Evgeny Kuznetsov: I understand, but it’s still not really ethical to talk [about this]. You understand, the situation right now is such that if you talk about something, but some people come along who get jealous or who might take advantage. I’m not arguing that I can’t help a lot of people. But I know the value of money perfectly well. I earned my money honestly, and have had to sacrifice a lot. But I’ve got a family, as does my wife. I can’t give it all away. Yes, I do this or that, but I still don’t want to talk about it.
Is it true you support an orphanage?
Evgeny Kuznetsov: It’s true, but I don’t want to comment on it any further.
People put the story about the Chelyabinsk sled-hockey players who didn’t have uniforms up on social media. Lots of hockey players have my number, but you texted me within a few minutes.
Evgeny Kuznetsov: I’ll say it again: I don’t have the means to help everyone. But there you had some people who needed a helping hand. These guys were playing with old equipment, and they love hockey. My [former] teammates also pitched in, I wasn’t alone. But what are we going to say about that?”
While Kuznetsov left Russia in 2014 to start his NHL career in Washington, he has continued to have a high profile in his hometown. Kunetsov has come to Traktor Chelyabinsk games as a fan during the offseason. Last season, Kuznetsov bought shirts and had posters created for all fans in attendance of a game. As a goodbye gift to his KHL team in 2014, Kuznetsov presented an Olympia ice resurfacer to Traktor’s hockey academy after skating with its students. The gift’s value was at least 4 million roubles (approximately $100,000).
During the interview, Kuznetsov also spoke about starting a children’s hockey school someday in his hometown.
Fine. You once said that when your career is over you’d like to return to Chelyabinsk to support hockey somehow.
Evgeny Kuznetsov: That I can talk about. I want to found a children’s hockey school there. I’ll start with the very young. I’ll open some sort of center, a place where the kids can come and develop their technical skills. I hope I can convince my father to work with the kids. Everything I know about hockey I got from him. My father is shy about it, but he taught me everything I know. And of course my coaches added things later on, but all the fundamentals were laid in by him.
Are you specifically going to work on stick-handling there?

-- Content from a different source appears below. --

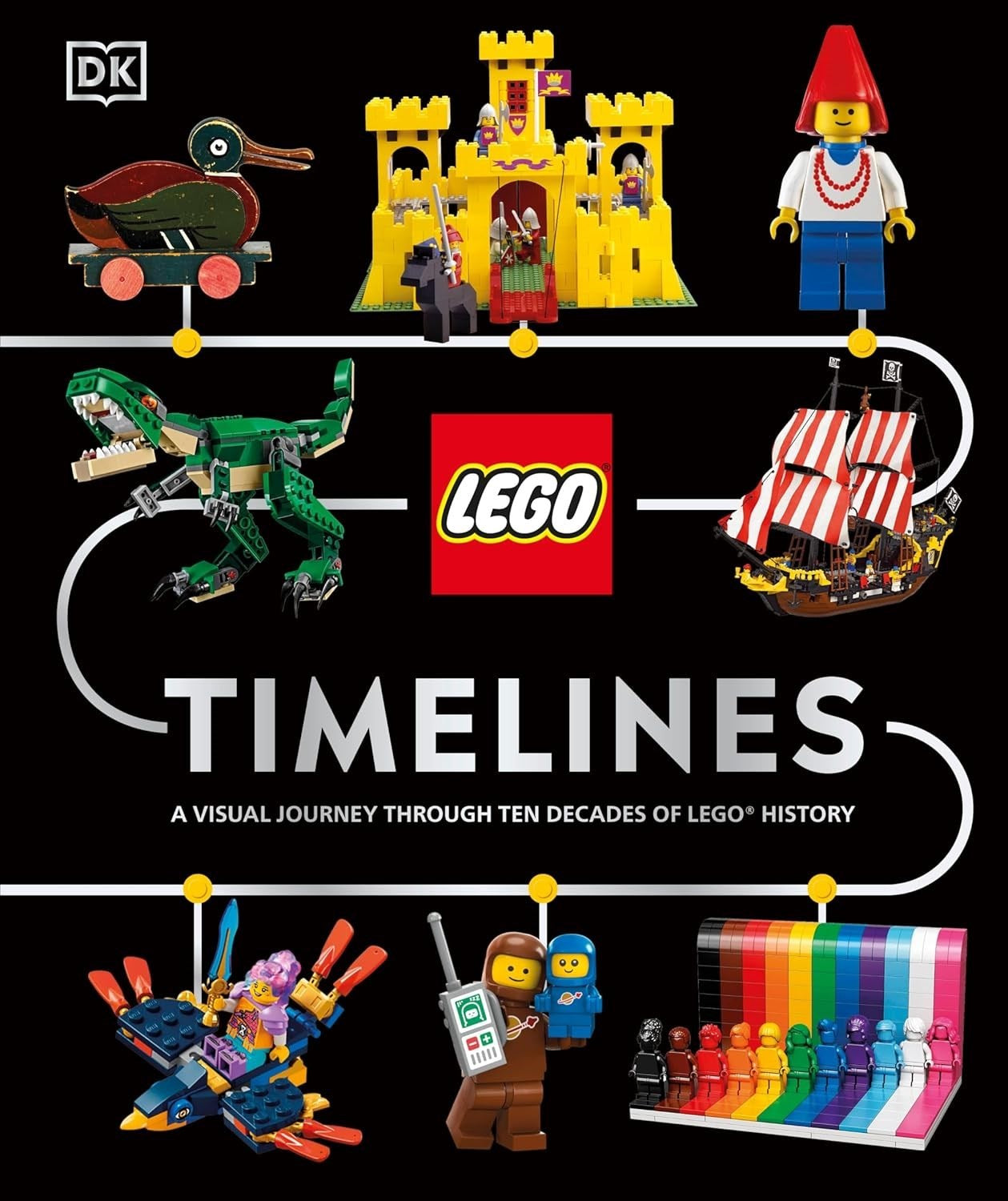 LEGO® Timelines: A Visual Journey Through Ten Decades of LEGO® History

Evgeny Kuznetsov: Yes. I’m going to hire some guys. But they’re not going to just be some random people who once played and have wrapped up their careers. They’re going to be guys with specialized skills, who have something they can pass along to the kids. I’m going to pay them well, so they can give themselves over to the work. And of course I’m going to give a lot of time to the kids. Show them how to do things, talk about [my experience], and work on their technical skills. We’re going to learn how to shoot the puck correctly, and other things that you need to learn from a very young age.

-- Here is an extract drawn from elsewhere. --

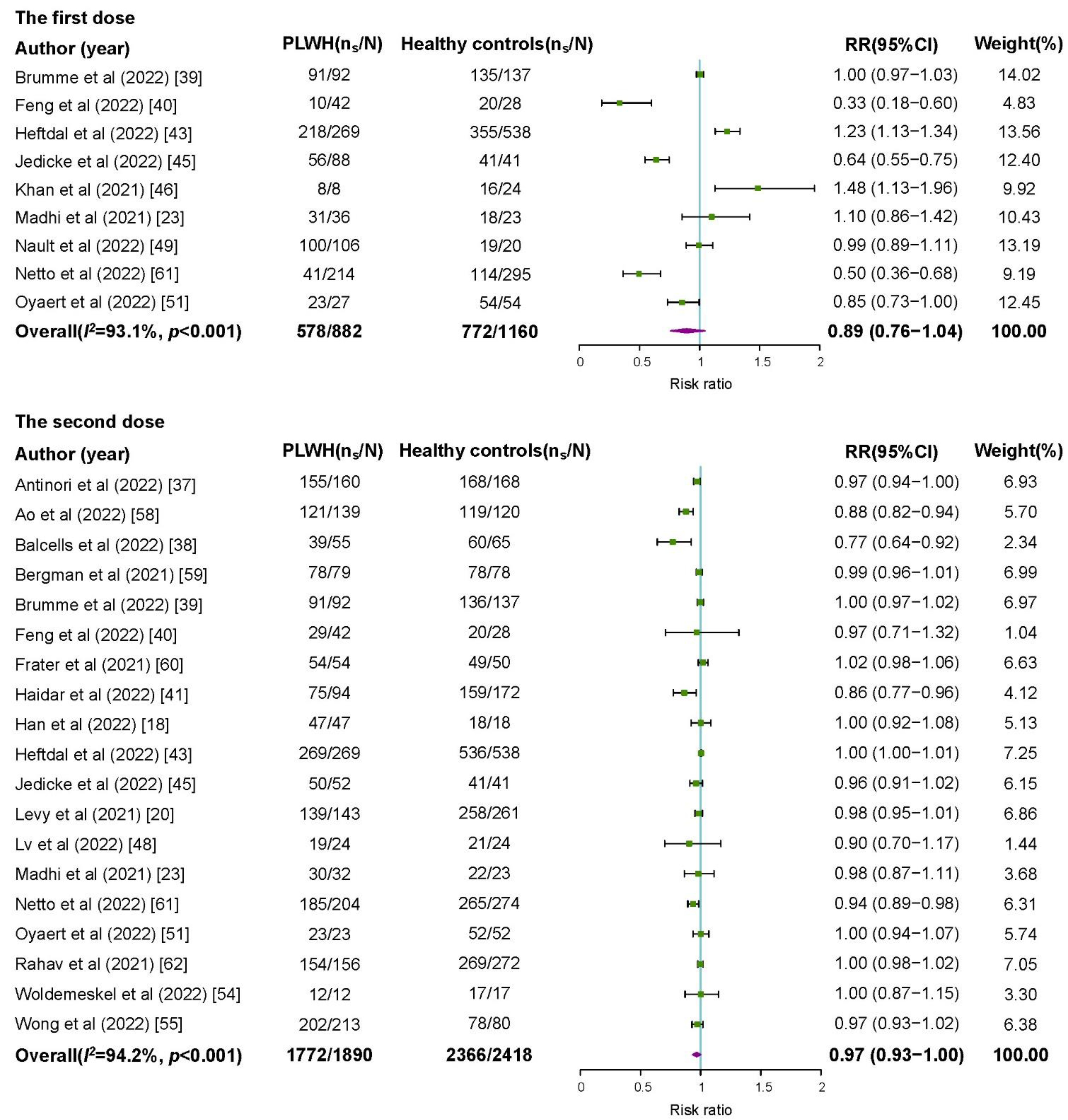 Vaccines 10 01569 g002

The regional government should invest in that as well.
Evgeny Kuznetsov: Honestly, I’m not going to ask for anyone’s help. So getting back to the center, a little later I want to expand the school into a training complex like I’ve seen in North America and Finland. Three rinks, a cafe upstairs where the parents can watch practices, so they’re not standing by the ice.
I saw something like that in Toronto
Evgeny Kuznetsov: Yes. There’s a hotel nearby, where traveling players can stay. We’re going to have a pick-up team, and we’ll pay particular attention to players with special needs. So we’ll need the government’s assistance for the construction, but I hope by that time I’ll have good friends in high places.
And you want to live in Chelyabinsk?
Evgeny Kuznetsov: Yes, I dream of having a big house on the river bank, where all my relatives can gather.